Nebraska (3-0 R, no change): If a minimal change map is passed, Rep. Don Bacon (R, NE-2) should retain a Joe Biden-won seat, but he has considerable crossover appeal.
Nevada (3-1 D, no change): Democrats will want to bolster their somewhat shaky 3-1 edge in the delegation-- they could unpack the Las Vegas-area NV-1 while leaving NV-2 as the sole red seat.
New Hampshire (2-0 D, no change): While it is hard to draw a Trump-won seat in the Granite State, Rep.
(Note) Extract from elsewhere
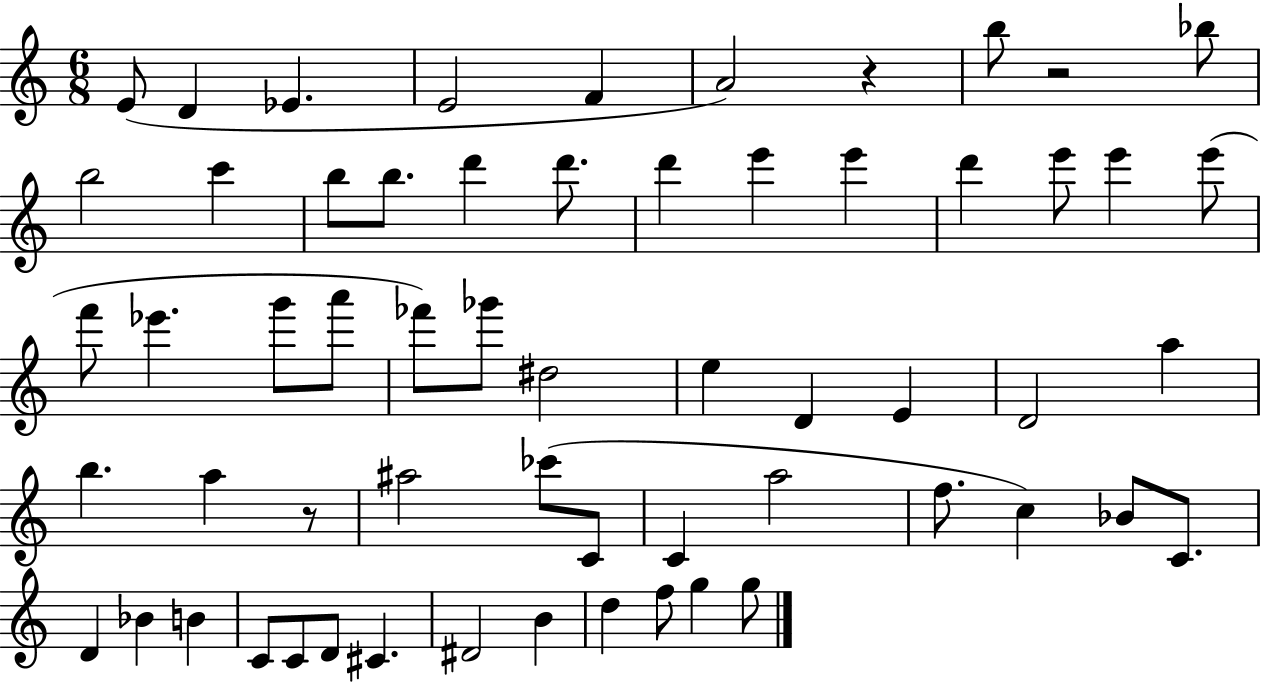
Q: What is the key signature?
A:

Chris Pappas (D, NH-1) seems likely to get a lighter blue seat as a result of the Republican-controlled redistricting process.
New Jersey (10-2 D, no change): Democrats got their preferred tiebreaking member on the bipartisan commission that will draw the lines, but Republicans should still have some credible pickup targets when the dust settles.
New Mexico (2-1 D, no change): While the state recently passed an advisory commission, Democrats could ignore its recommendations to pass a 3-0 plan-- but satisfying their incumbents may be tricky.
New York (19-8 D, losing a seat): The Empire State has a new commission system, but Democrats have the power to circumvent it and aim for a gerrymander that could give them as large as a 23-3 edge statewide.
North Carolina (8-5 R, adding a seat): The new NC-14 could be drawn as a red-leaning seat, while the GOP could try to reclaim one-- or both-- of the seats they coughed up in a court-ordered redistricting last cycle.
Ohio (12-4 R, losing a seat): The state’s new, less partisan redistricting system may-- or may not-- constrain Republican gerrymandering power.
Oklahoma (5-0 R, no change): With four solid seats, Republicans will want to ensure that Oklahoma City’s OK-5-- which Democrats won in 2018 but lost last year to now-Rep Stephanie Bice (R)-- is less prone to flipping in the future.
Oregon (4-1 D, adding a seat): With Republicans having a seat at the table, it is possible that the state will add a GOP-leaning but still competitive seat.
Pennsylvania (9-9 tie, losing a seat): With divided government, the state Supreme Court could be drawing another map, which could eliminate a Republican seat but make one or more Democratic seats more Republican in the process.
Rhode Island (2-0 D, no change): The state somewhat surprisingly kept its second seat in reapportionment, which means Democrats were prevented from losing one of the state’s two safe Democratic seats.
South Carolina (6-1 R, no change): Palmetto State Republicans will focus on shoring up first-term Rep. Nancy Mace (R, SC-1), and they will be aided in doing so by population growth patterns.
Tennessee (7-2 R, no change): Rep. Jim Cooper (D, TN-5) is in major danger of seeing his Nashville-based district dismantled, which wuld allow Republicans to win an 8-1 edge in the delegation.
Texas (23-13 R, adding two seats): At a minimum, Texas Republicans will try to grab the state’s two new seats through gerrymandering, and they very well could do even better than that.
Utah (4-0 R, no change): A new commission does not take the power from the state’s dominant Republicans, who likely will try to shore up first-term Rep. Burgess Owens (R, UT-4) in the state’s only truly competitive district.
Virginia (7-4 D, no change): Democrats are lamenting the creation of a new commission system, which could prevent the shoring up of swing-district Reps. Elaine Luria (D, VA-2) and Abigail Spanberger (D, VA-7) and might even make them more vulnerable to Republican challengers.
Washington (7-3 D, no change): A commission system that has developed a reputation for protecting incumbents will draw the lines.
West Virginia (3-0 R, losing a seat): One of the state’s three Republicans will not be returning to the House in 2023 because of the state’s loss of a seat.
Wisconsin (5-3 R, no change): Divided government could throw redistricting to the state Supreme Court, and without major changes the now-open WI-3 will remain one of the top GOP pickup opportunities in the nation.